O subdesenvolvimento, perenizado por estes governos sedutores, mas incapazes de gestarem planos que nos levem ao futuro e nos devolvam a dignidade perdida, em décadas de desprezo pelas pessoas e pela natureza, enreda as nações num labirinto de ignorância e estupidez, de onde saem novos caudilhos e psicopatas, prontos para produzir a barbárie que esgarça o tecido social e a cultura dos povos.
O que já fomos ontem, hoje não somos mais. Mesmo que a tecnologia, com suas possibilidades (e armadilhas), chegue esplendorosa e oferte-nos inúmeras opções, a fome é um estado de dor permanente e não permite que se absorva ensinamentos dos livros, nem a grande sedução da internet, traduzida na posse de um celular, às vezes, roubado/furtado, depois vendido para comprar o gás pra cozinhar o osso de cada dia. Viver com fome é sempre trágico. E é esta a tragédia que cai sobre todos nós.
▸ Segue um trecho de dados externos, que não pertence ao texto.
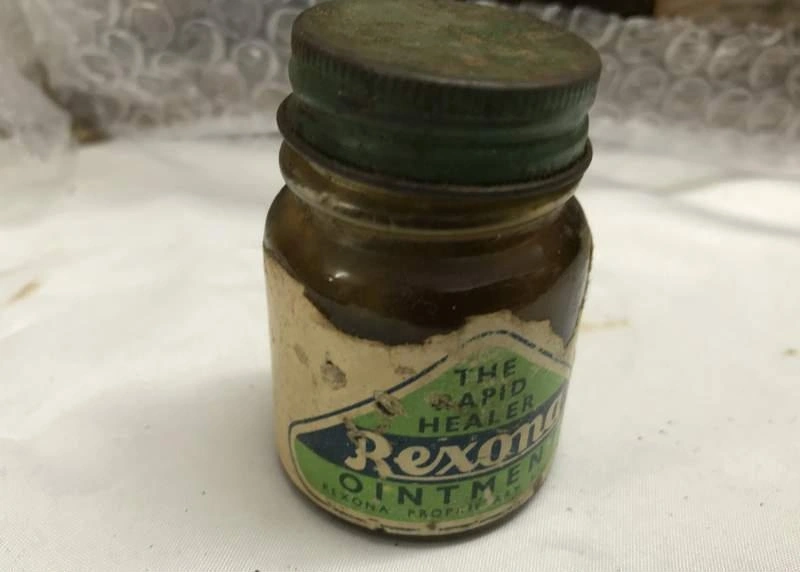 Jar, Rexona ointment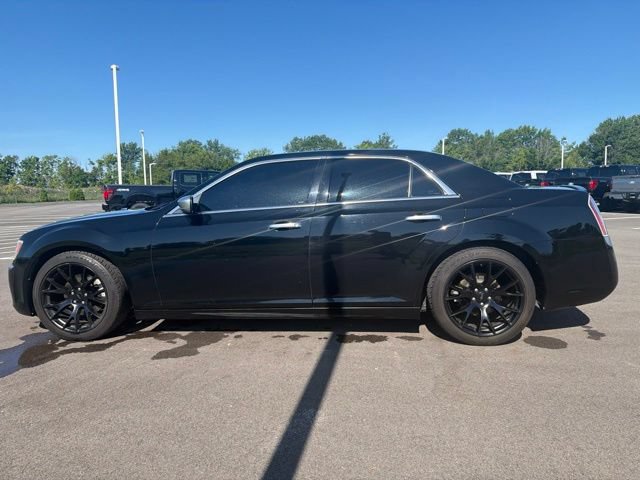 Used 2012 Chrysler 300 C Luxury Series w/ 19-Premium Speaker Group RWD image 13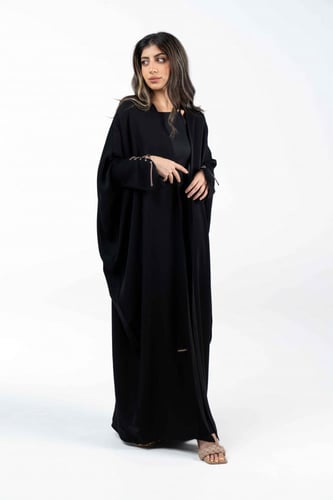 عباية سوداء بربطة اكمام بيج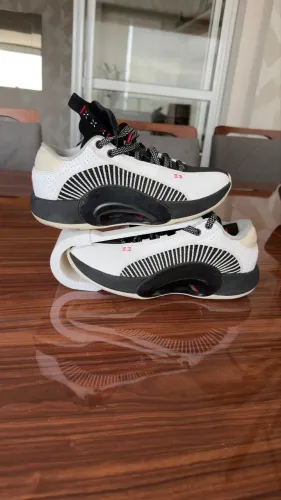 Tênis baile air Jordan poizon - número 39
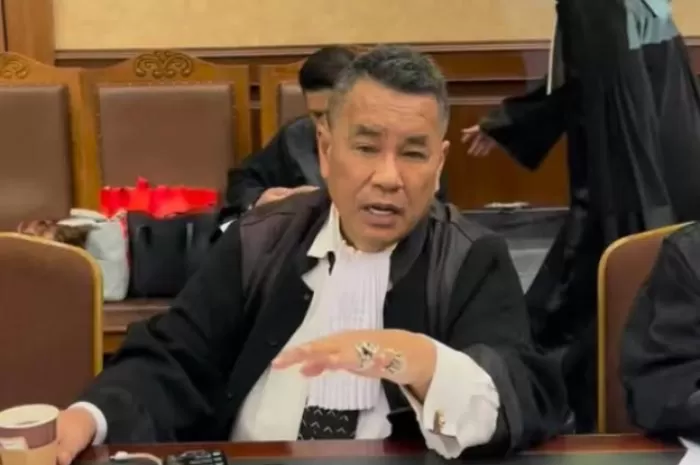 Menyoroti pernyataan pengacara Hotman Paris dalam sidang praperadilan kasus korupsi yang menjerat eks Mendikbud, Nadiem Makarim (Foto: GENMUSLIM.id/dok: Instagram @hotmanparisofficial)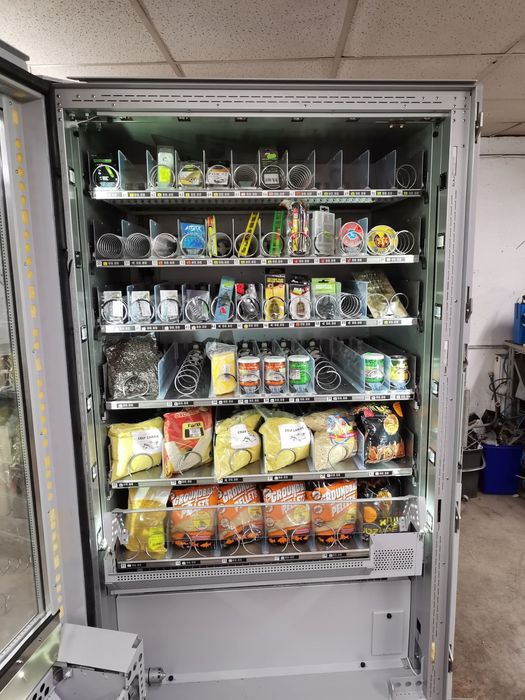 Vindem automat articole de pescuit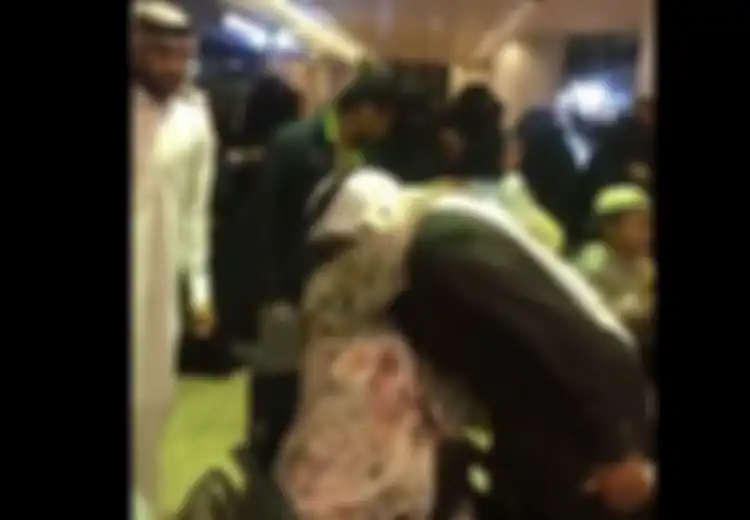 (Video) Penuh Haru, Keluarga Arab Lepas Kepulangan TKW Indonesia yang Sudah 33 Tahun Bekerja Dengan Mereka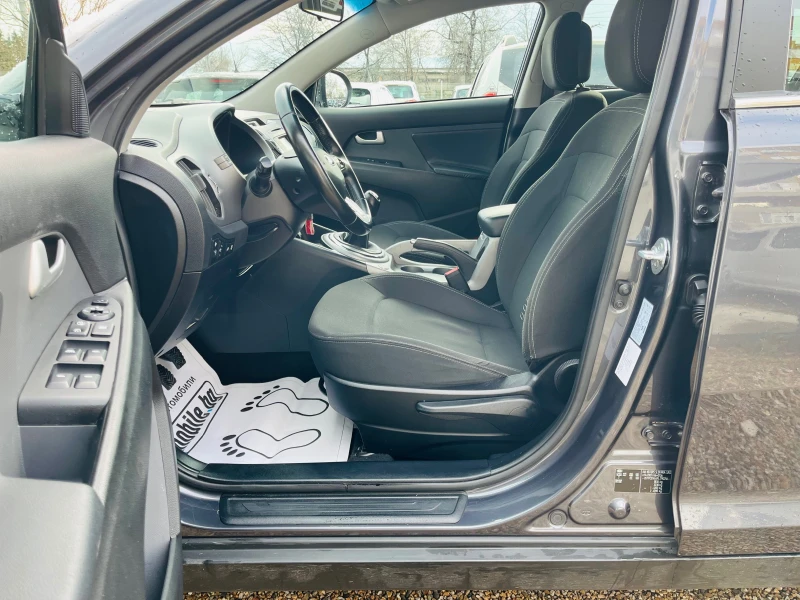 Kia Sportage 1.6i BI FUEL Перфектен, снимка 9 - Автомобили и джипове - 53041873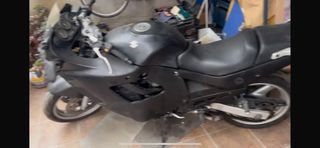 Suzuki GSX 600F 1990 para terminar de restaurar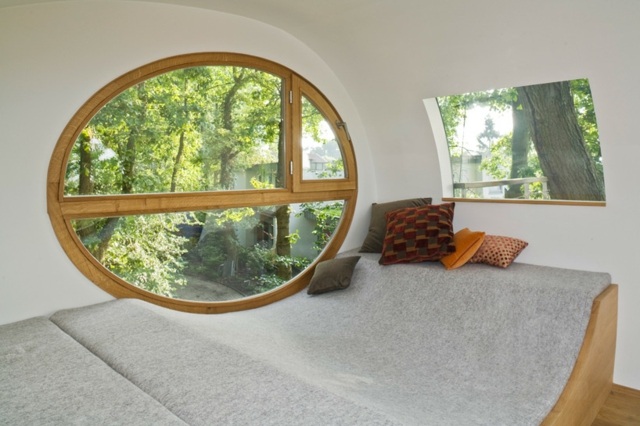 Treehouse Djuren ovalt fönster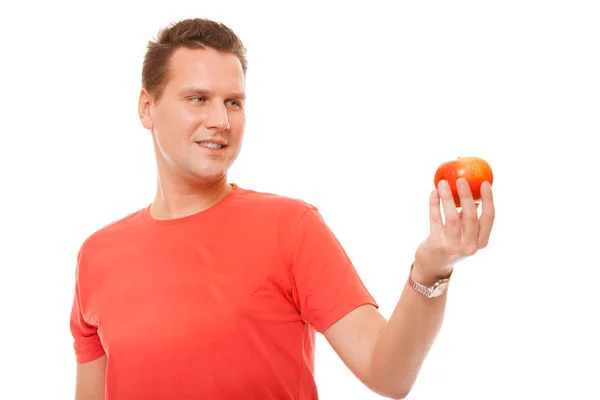Šťastný muž v červené košili drží jablko. zdravotní péče strava zdravá výživa. — Stock fotografie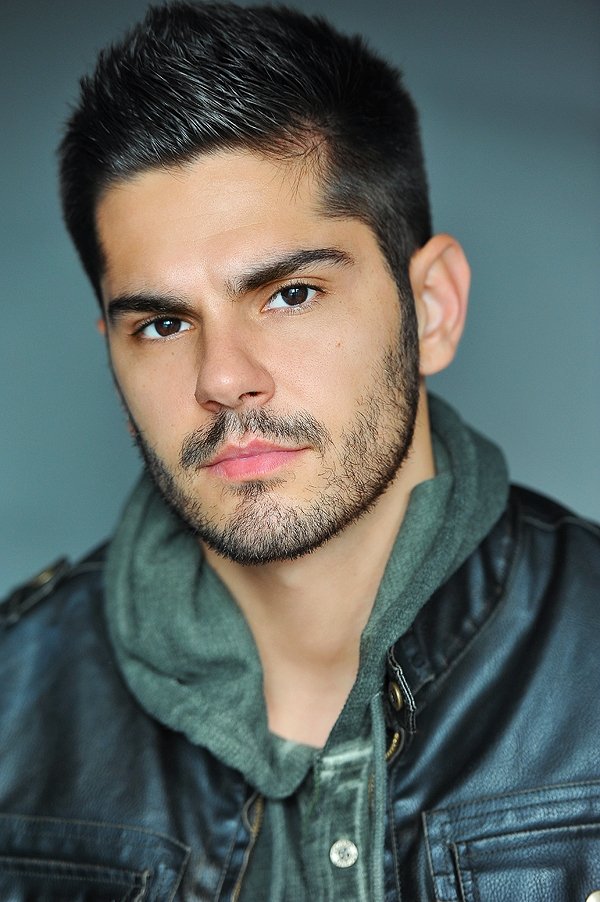 Gabriel Sousa backdrop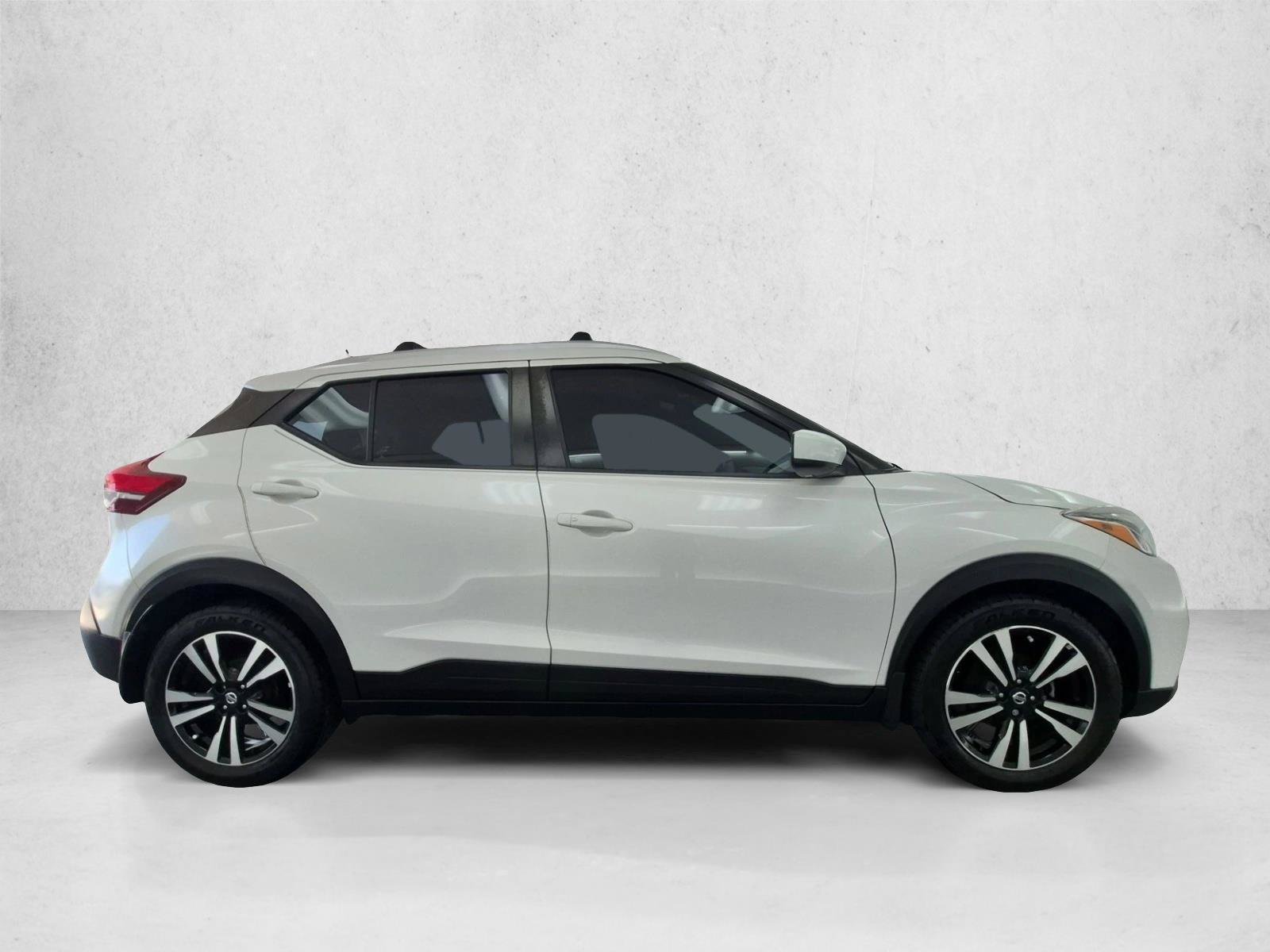 Used 2020 Nissan Kicks SV w/ Exterior Package FWD image 4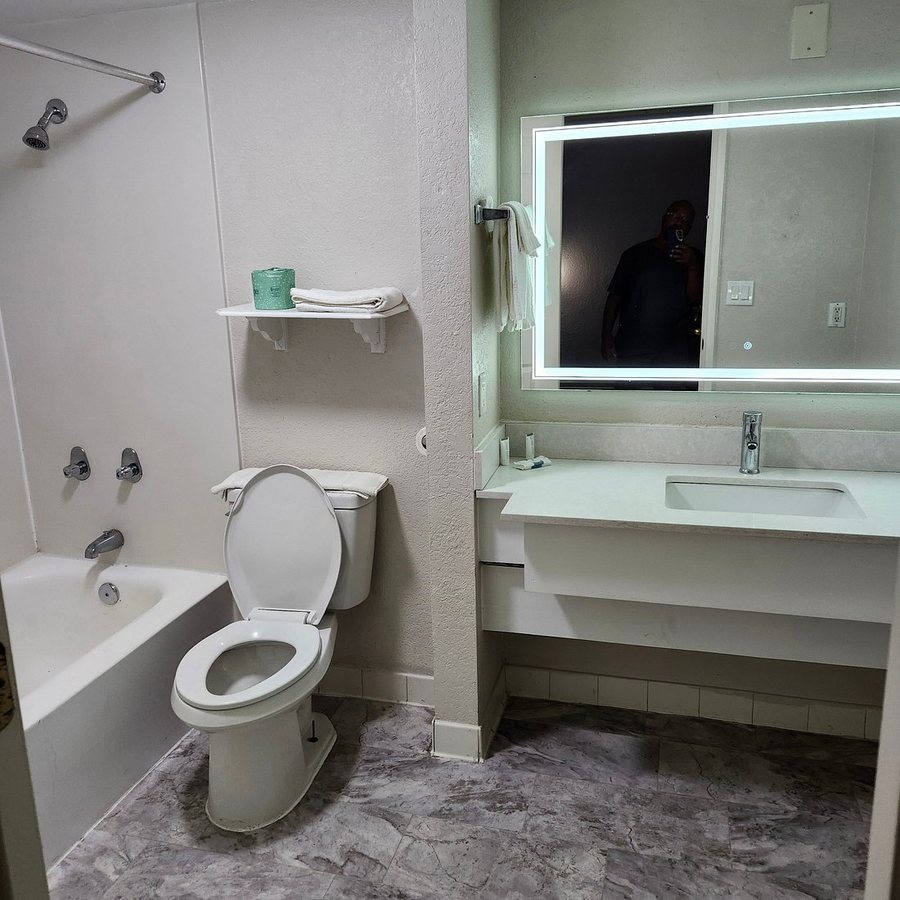 Super 8 By Wyndham Austin South I 35 — Bathroom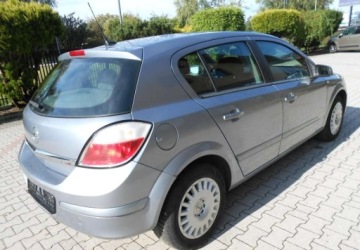 Opel Astra H Hatchback 5d 1.7 CDTI ECOTEC 100KM 2005 Opel Astra Opel Astra H 1.7 Diesel 100KM, zdjęcie 3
Por isso é preciso cantar. Então, cantemos Gracias a la vida e mandemos os malditos pro inferno, sem escala no purgatório. Afinal quem produziu horrores, como o episódio da decepação/esmagamento das mãos do jornalista, poeta e cantor libertário chileno, Victor Jarra, embaixador cultural do governo da Unidade Popular, de Allende, é capaz de todas as barbáries, para destruir a liberdade, incompatível a estes corações medievais.
Antes de morrer, porém, Victor Jara interpelou a Deus, com estes versos:
“É este o mundo que criaste, meu Deus? Para isto os teus sete dias de assombro e trabalho? Como me sai mal o canto quando tenho que cantar o espanto! Espanto como o que vivo. Como o que morro, espanto”.
E Pedro Tierra, poeta e roteirista do espetáculo, autor de Poemas do Povo da Noite, obra que concebeu durante seu infortúnio nos porões da ditadura, cantou assim este assombroso crime, patrocinado por um tal general Pinochet:
“...De tuas mãos se dirá um dia: geravam pássaros de sangue como as primaveras da lua.
Tuas mãos, tristes descendentes das canções araucanas, tuas mãos mortas, casa de canções decepadas, tuas mãos rotas, últimas filhas do vento...”
¡Gracias a la vida, libertad y democracia! ¡Abajo los estúpidos y destruidores de la cultura e la naturaleza!